In this case the sperm is contributed by a donor male whose identity is withheld. The procedure for placing of sperms into the female uterus is same as for intra uterine insemination. The following interesting points may be noted:

  • The female is the biological mother and genetic contributor, but the husband is not the biological father, but for all other concerns (psychological and legal), he is the accepted father. He is involved in the pregnancy preparation right from the pre pregnancy counselling to insemination to the pregnancy, delivery and rearing of the child thereafter.
  • The procedure is simple and no surgery is involved in insemination.
  • The procedure may be treated as adoption right from conception with one partner being sharing the genes with the full support and agreement of the husband. Both the husband and wife must be attitudinally ready to accept an anonymous sperm.
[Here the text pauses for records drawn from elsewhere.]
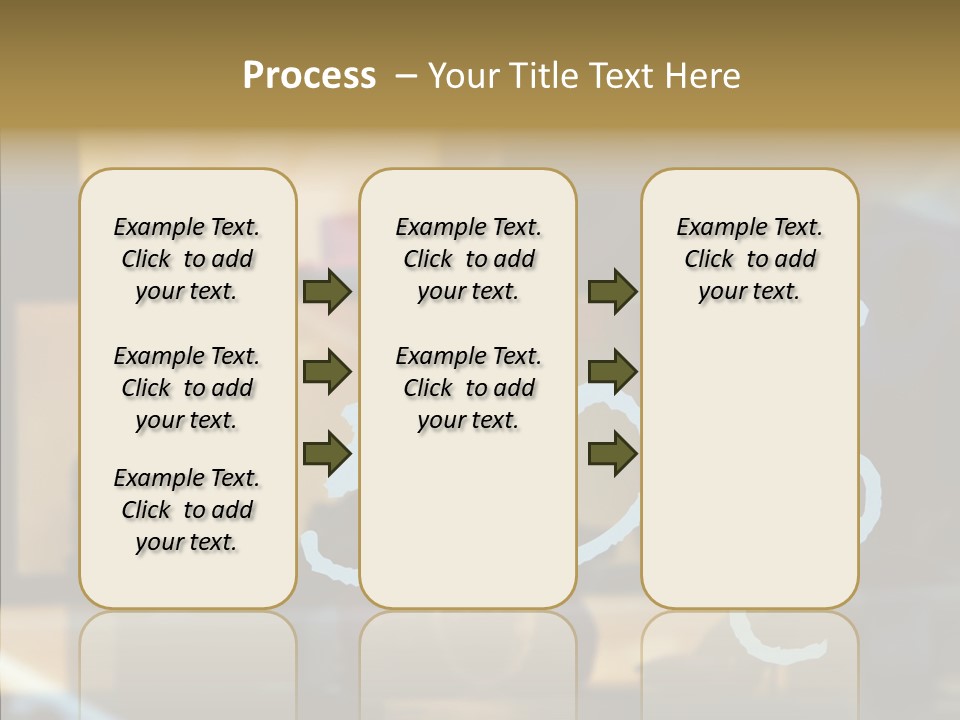 Care White Background Background PowerPoint Template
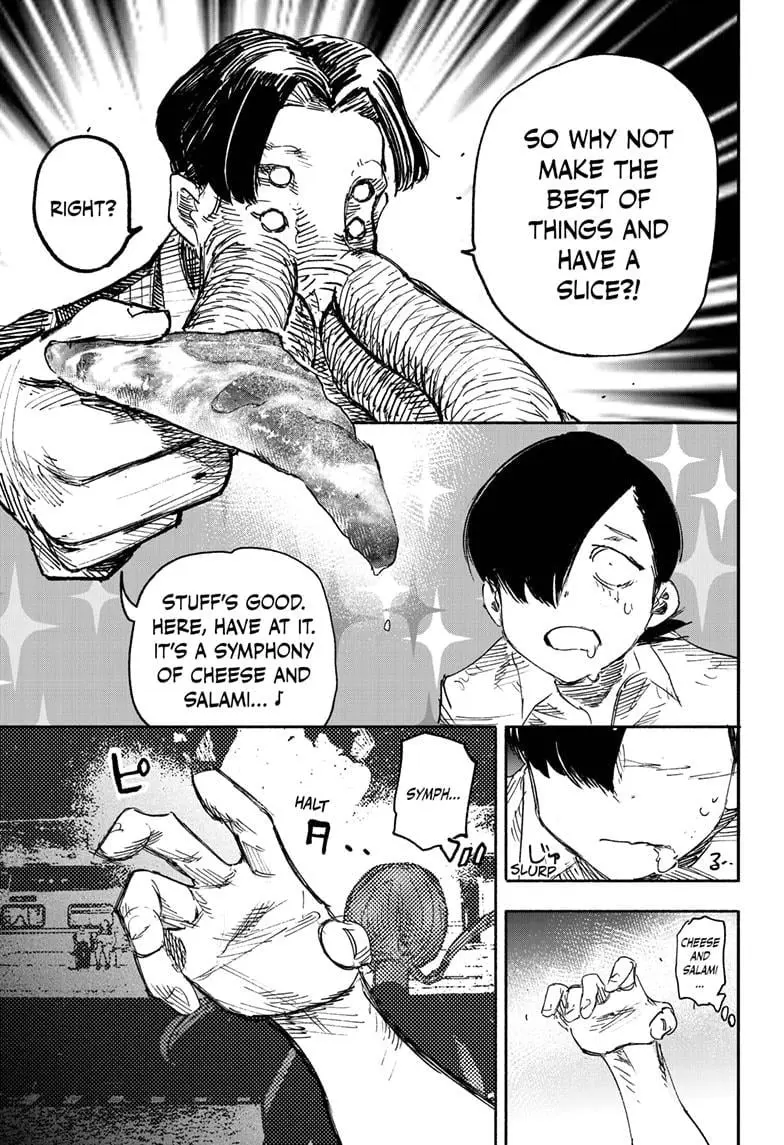 Choujin X, chapter 18, page 43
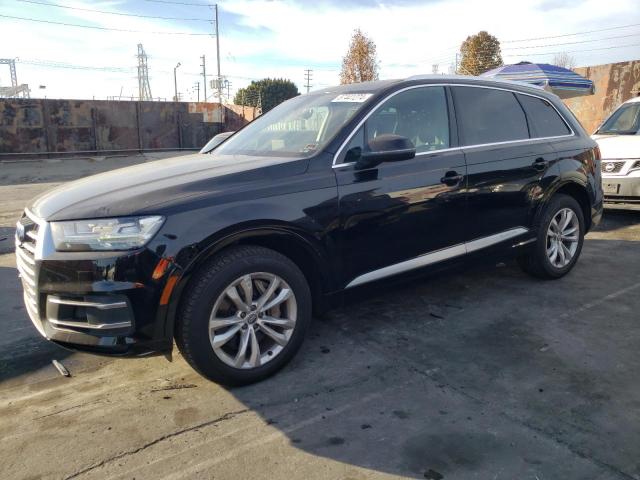 AUDI Q7 PREMIUM 2018 with VIN WA1LAAF76JD022934 - Photo from auction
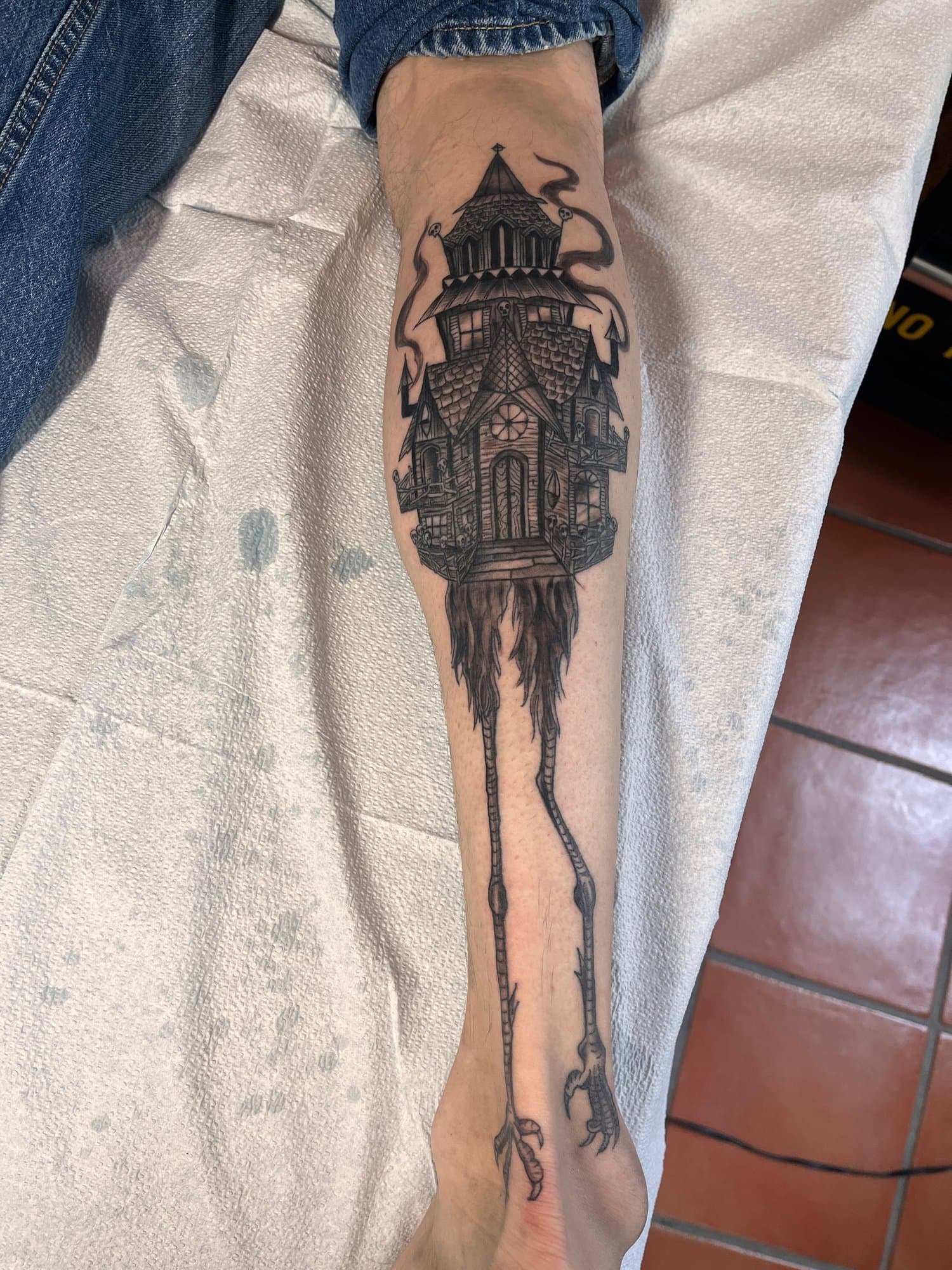 Baba Yaga House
Presently there is a debate whether the child must be informed of his biological father after he / she reaches adulthood.
  • With the increasing spread of HIV and other sexually transmitted diseases (STD, the importance of using properly tested and quarantined semen, for the treatment of infertility, has gained great importance. In most developed countries, the use of fresh untested semen for donor insemination has been discontinued to prevent the spread of these diseases through insemination procedures. These samples are screened for HIV, hepatitis B and C and then quarantined in deep freeze (liquid nitrogen) to ensure safe donor insemination. Donor semen is used only after re-screening after 6 months for HIV. Stringent criteria are used to select donors- for e.g. blood cross match is one such to prevent Rh incompatibility. All the records of semen samples and donors are meticulously maintained under strict confidentiality.

Therapeutic donor insemination is indicated in couples where the male partner:

  • Is not able to produce sperms at all ( irreversible azoospermia, severe oligospermia),
  • Does not have the right quality of sperms (poor motility and abnormal morphology), or
  • Has known genetic disorders (Huntington’s disease), haemophilia, non correctable ejaculatory dysfunctions, as a reproductive option after radio or chemotherapy for carcinoma testis, and in severely Rh sensitized Rh negative female partner with a Rh positive male partner.